Ice Initiative
Member Paul Dupuis explains how he’s using hockey to support Himalayan communities.
Sitting on his balcony in the stifling Bangalore heat in 2017, Paul Dupuis received a call from the Canadian High Commission in Mumbai.
The official on the end of the line asked him to join a hockey tournament—the Indo-Canada Friendship Cup—in the Himalayan region of Ladakh in northern India.
After locating Ladakh on a map, Dupuis dusted off his skates and helmet and made the multiflight journey to Leh, a garrison town and home to the world’s highest ice rink at 3,500 meters. The moment he stepped off the plane and inhaled the frigid mountain air, it felt like a homecoming.
“It was an amazing discovery,” says Dupuis, 54. “I fell in love with the place…and I’ve made a commitment to go every year now.”
Growing up in Windsor, Ontario, the Club Member says he had a “typical Canadian childhood,” playing hockey with his father and brothers on backyard rinks.
“When there’s ice somewhere, Canadians tend to put their skates on and go,” he says. “It’s just in our blood.”
The sport remained a constant throughout his working life in Asia, but when he was transferred to Bangalore in 2017, he accepted that playing hockey would not be possible in the southern Indian city.
That first trip to the “roof of the world” led to a philanthropic commitment, supported by Dupuis’ employer, the staffing giant Randstad, and the UN.
“We wanted to use sport to build community and life skills, and to raise awareness about climate change,” he says. “Hockey just happens to be the vehicle we’re using.”
Starting with donations of hockey equipment to locals, Dupuis began coaching hockey at schools and giving lessons on leadership and career planning. Then, in 2020, the project “exploded.”
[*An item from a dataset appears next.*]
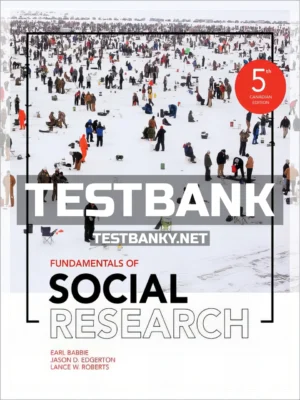 Test Bank for Fundamentals of Social Research 5th Canadian Edition Babbie ISBN 9780176895952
Dupuis was contacted by Viacheslav “Slava” Fetisov, one of the most decorated professional hockey players in history. The former Detroit Red Wings star and Russian minister of sport wanted to bring The Last Game, a climate change awareness initiative, to Ladakh.
After organizing games of pond hockey in Ecuador, Kenya and Antarctica, Fetisov had his sights set on a Himalayan backdrop for the next game. The match attracted hundreds of spectators, with villagers walking for hours to see the spectacle. Dupuis also helped stage a Guinness World Record-setting game at 4,361 meters in a remote part of Ladakh in 2018—the highest-altitude hockey game ever played.
“The beauty of this effort is that’s it’s purely grassroots,” Dupuis says. “We’d like to continue the spirit of The Last Game in a way that’s sustainable, rooted in gathering people with good hearts and a desire to make a positive impact on this special part of the world.”
With winter (and hockey season) approaching, Dupuis is already training for his next trip to the Himalayas—in January—with intense workouts in the Club’s Fitness Center.
“I only see the potential to do more, to make a bigger impact, to grow the community,” he says of his charitable efforts. “And to create a movement using sport.”